Supplied data START

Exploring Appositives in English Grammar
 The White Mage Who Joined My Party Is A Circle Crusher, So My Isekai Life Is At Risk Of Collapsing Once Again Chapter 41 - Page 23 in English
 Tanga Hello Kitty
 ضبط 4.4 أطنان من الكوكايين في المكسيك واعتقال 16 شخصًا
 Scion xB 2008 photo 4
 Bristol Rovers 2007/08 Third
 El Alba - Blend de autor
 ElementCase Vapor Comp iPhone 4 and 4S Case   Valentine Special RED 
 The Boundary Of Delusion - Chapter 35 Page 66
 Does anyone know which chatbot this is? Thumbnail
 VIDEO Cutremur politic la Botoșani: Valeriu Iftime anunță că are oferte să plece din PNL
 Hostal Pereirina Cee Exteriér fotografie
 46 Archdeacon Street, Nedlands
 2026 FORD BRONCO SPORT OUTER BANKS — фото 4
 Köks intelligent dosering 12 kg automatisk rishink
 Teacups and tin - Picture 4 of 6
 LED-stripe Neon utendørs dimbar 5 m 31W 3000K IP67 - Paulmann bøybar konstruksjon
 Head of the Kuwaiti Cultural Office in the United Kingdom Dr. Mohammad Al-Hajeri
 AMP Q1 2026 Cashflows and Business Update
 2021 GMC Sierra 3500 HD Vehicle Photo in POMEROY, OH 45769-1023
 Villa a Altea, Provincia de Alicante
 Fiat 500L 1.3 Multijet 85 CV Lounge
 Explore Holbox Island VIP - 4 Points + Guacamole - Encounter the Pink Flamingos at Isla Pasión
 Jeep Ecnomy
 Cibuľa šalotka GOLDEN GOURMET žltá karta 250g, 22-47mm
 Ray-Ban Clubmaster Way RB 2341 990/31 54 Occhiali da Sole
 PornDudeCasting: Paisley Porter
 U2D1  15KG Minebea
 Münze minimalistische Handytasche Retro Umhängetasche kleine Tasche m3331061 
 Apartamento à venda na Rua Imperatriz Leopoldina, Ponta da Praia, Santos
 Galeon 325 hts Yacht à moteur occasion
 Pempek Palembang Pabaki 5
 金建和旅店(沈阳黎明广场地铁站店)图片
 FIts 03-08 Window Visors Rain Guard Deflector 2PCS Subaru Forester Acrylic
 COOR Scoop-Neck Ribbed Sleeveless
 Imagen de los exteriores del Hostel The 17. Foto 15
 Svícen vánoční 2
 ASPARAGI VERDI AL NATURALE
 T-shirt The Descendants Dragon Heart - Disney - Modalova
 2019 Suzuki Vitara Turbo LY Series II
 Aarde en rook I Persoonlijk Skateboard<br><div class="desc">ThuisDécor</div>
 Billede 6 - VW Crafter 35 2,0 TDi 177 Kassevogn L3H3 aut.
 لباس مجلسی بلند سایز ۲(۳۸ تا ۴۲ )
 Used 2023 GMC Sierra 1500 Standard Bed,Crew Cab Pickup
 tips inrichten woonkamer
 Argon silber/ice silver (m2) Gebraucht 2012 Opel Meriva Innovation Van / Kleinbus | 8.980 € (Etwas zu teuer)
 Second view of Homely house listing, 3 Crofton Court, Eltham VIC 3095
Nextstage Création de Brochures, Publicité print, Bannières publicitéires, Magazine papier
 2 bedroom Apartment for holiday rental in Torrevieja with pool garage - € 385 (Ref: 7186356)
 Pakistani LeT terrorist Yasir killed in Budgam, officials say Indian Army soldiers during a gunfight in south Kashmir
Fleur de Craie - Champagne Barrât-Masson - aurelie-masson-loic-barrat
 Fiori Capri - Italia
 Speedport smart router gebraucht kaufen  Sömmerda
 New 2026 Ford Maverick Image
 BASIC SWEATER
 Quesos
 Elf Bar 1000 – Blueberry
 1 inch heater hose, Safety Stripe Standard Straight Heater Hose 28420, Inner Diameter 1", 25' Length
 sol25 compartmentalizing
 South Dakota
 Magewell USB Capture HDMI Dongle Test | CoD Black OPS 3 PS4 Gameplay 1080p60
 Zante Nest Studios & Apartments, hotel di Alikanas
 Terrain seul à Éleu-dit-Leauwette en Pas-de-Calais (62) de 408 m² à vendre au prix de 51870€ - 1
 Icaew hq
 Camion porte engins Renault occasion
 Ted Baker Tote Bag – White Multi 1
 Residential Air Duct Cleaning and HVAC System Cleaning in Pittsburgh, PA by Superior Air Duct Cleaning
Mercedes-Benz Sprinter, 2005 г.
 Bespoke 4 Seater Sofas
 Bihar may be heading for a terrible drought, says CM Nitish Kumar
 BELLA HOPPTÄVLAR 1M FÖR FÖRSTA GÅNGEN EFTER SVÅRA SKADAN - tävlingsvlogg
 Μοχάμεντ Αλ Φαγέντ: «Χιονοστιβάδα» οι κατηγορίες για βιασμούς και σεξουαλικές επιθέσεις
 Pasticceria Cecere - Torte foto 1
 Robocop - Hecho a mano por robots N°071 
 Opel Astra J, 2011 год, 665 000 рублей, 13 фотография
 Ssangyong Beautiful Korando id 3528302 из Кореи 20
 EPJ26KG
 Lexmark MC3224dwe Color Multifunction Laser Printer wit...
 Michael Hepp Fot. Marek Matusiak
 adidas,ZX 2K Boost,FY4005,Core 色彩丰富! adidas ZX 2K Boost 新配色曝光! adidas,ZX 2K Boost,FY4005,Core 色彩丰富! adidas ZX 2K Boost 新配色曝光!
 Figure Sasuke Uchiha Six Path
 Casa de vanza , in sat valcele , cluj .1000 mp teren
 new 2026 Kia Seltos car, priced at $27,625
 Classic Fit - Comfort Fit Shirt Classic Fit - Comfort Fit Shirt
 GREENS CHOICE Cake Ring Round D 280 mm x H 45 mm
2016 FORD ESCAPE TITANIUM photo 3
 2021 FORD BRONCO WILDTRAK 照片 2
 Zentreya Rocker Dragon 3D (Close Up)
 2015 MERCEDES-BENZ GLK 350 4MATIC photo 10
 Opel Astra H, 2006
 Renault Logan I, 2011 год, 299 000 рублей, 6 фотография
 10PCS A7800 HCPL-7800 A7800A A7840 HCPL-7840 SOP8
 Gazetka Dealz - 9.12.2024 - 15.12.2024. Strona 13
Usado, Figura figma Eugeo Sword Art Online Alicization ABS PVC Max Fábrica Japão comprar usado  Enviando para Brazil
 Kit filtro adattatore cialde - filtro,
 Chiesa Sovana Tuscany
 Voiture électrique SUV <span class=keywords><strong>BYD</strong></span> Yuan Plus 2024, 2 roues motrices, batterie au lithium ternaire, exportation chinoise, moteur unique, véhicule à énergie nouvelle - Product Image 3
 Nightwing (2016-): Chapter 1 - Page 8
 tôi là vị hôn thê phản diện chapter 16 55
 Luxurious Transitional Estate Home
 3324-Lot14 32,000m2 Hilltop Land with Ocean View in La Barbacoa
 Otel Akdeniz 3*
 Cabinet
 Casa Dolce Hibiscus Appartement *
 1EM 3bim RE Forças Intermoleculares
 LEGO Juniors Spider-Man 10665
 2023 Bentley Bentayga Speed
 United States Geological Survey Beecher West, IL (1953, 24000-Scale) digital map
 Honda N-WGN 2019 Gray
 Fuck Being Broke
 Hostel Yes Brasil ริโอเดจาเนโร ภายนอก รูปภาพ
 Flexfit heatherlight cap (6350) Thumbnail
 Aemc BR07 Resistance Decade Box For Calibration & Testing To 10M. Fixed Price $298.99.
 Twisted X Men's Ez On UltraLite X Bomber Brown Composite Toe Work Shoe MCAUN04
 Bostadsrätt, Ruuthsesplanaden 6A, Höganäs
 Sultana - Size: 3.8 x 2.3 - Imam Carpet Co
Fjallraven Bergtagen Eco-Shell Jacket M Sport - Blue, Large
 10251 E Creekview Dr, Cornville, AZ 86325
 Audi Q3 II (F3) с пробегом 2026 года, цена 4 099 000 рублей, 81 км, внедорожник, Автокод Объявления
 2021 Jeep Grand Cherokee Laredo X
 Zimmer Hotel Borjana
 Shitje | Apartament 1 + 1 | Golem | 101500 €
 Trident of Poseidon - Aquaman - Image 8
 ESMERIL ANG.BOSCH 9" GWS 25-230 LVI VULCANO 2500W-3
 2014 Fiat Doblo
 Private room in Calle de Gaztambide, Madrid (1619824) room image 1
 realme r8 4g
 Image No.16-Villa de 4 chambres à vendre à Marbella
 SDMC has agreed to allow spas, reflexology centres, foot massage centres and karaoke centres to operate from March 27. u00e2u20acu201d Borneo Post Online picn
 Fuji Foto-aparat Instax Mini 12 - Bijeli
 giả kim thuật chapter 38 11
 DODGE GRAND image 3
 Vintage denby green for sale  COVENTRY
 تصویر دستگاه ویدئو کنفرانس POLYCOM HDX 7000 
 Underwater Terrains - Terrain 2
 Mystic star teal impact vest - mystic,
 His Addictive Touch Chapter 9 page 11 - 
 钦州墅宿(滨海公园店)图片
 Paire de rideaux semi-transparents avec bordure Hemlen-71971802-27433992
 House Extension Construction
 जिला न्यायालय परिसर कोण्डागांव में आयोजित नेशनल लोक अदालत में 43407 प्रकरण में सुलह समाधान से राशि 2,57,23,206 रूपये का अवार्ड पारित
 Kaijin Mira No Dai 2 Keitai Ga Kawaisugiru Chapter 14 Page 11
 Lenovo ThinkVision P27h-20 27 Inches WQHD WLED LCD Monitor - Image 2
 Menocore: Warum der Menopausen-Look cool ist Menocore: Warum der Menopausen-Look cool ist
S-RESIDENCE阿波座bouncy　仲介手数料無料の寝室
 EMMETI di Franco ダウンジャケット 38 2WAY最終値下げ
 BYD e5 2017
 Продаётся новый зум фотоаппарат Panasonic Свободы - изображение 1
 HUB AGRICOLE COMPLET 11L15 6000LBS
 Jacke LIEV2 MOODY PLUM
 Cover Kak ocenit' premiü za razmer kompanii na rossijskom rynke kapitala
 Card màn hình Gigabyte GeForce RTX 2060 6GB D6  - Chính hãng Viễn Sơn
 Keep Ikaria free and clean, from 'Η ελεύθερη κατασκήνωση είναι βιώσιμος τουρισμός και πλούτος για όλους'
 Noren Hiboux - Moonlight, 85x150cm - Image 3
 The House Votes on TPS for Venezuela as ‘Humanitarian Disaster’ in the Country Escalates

Supplied data END

**Work required:**
Would you print, exactly as written, every line above from the one holding "जिला न्यायालय परिसर" through the one holding "Menocore: Warum der Menopausen-Look cool ist Menocore: Warum", with both included and no other lines?

**Completed exercise:**
 जिला न्यायालय परिसर कोण्डागांव में आयोजित नेशनल लोक अदालत में 43407 प्रकरण में सुलह समाधान से राशि 2,57,23,206 रूपये का अवार्ड पारित
 Kaijin Mira No Dai 2 Keitai Ga Kawaisugiru Chapter 14 Page 11
 Lenovo ThinkVision P27h-20 27 Inches WQHD WLED LCD Monitor - Image 2
 Menocore: Warum der Menopausen-Look cool ist Menocore: Warum der Menopausen-Look cool ist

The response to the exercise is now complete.